我在巴黎,曾与一位长得年轻貌美的波兰女性说过不少话。我对她说,听说你们国家数学天才特别多,我记得她回答我说,“可除了这个,就什么也没了”。当时我想,对自己祖国,即使再谦虚,也不能贬损呵。之后,这位波兰女性在我眼里就再也看不出她有什么美的了。

一个伟大的人却不爱自己祖国的优长,在我是无法想象的。我在巴黎结识过一位在柏林遭追捕后逃亡出来的女共产党人,我问她最喜欢什么地方,她的回答是,“还是柏林。”

日本最明显的非文化倾向,便是知识阶级中有相当一部分人嫌弃自己的祖国。对日本说来,我以为建立民族自信要比什么都来得要紧。

从早上醒来到下午四时光景,窗外看到的风景,净是湿气缭绕的草原。整个波兰境内恐怕都是如此吧。如果思索一下一生生活在这个国家里的人的心态,我觉得女性贞操观念的丧失最值得关注,这要比“除数学之外什么也没有”的说法更难让人理解。单调,并且是令人恐惧的虚无的单调,在这块整个儿铺满了单调的大地上,人们除了和本身就是虚无的数学格斗之外,便再也找不到需要动用心灵的事了。

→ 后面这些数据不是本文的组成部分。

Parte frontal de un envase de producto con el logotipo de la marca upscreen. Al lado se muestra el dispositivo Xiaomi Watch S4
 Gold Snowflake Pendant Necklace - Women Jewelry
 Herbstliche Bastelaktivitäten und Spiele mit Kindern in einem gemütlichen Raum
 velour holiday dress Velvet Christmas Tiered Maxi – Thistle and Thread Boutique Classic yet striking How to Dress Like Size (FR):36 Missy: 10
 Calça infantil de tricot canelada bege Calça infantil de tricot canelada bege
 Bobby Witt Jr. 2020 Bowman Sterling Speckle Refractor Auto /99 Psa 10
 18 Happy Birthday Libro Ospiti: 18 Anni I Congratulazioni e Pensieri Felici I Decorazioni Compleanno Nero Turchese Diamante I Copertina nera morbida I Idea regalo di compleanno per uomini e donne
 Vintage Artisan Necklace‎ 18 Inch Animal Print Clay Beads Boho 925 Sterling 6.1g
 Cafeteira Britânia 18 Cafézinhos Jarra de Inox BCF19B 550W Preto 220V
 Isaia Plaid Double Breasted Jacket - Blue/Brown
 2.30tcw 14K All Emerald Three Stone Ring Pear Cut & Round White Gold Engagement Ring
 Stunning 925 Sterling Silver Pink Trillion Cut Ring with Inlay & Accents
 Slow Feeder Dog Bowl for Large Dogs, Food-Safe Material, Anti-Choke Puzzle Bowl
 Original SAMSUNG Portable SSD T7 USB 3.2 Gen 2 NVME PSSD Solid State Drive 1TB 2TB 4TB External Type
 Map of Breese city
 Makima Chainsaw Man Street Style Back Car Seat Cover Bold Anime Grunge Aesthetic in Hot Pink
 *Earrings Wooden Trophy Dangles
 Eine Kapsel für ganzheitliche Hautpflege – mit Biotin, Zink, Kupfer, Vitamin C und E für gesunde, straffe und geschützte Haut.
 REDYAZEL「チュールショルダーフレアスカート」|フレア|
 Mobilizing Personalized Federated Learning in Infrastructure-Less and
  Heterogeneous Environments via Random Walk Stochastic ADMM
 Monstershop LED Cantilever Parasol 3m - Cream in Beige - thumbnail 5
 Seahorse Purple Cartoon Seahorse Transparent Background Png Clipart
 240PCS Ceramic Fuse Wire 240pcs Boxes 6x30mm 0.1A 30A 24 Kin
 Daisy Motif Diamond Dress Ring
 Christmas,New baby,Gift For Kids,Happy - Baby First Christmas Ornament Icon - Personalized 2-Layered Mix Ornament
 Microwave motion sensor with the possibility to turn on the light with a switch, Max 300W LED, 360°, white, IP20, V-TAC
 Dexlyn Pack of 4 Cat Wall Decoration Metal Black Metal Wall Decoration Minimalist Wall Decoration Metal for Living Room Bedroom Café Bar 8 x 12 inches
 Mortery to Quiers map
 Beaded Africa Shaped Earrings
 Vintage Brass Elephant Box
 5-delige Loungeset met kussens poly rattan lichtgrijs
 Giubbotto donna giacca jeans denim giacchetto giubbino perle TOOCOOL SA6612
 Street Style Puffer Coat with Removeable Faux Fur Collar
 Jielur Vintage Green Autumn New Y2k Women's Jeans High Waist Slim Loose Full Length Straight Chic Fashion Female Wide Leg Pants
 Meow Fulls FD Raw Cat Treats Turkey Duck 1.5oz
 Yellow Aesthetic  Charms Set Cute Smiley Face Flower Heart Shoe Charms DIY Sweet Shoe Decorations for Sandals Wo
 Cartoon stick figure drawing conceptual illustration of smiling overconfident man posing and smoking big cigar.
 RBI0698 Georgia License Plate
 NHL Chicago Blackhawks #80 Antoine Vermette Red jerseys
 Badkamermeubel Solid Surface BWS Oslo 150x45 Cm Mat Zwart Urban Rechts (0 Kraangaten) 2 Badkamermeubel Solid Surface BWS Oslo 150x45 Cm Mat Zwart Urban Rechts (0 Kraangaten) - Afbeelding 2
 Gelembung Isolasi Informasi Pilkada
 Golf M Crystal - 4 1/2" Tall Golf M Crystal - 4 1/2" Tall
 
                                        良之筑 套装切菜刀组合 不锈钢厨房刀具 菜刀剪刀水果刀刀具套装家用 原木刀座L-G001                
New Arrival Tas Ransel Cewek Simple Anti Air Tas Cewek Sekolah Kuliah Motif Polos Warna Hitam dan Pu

是数学?还是无意义的音乐?人们无论偏于何者,都无法过上使心灵获得支撑的日子。

落叶松渐渐多了起来。下午五时半,进入俄罗斯境内。我身旁的两位德国外交官,用忐忑不安的眼神眺望着国境。从国境上的车站起始,镰刀和锤子交叉着的标志便鲜明地浮现在眼前。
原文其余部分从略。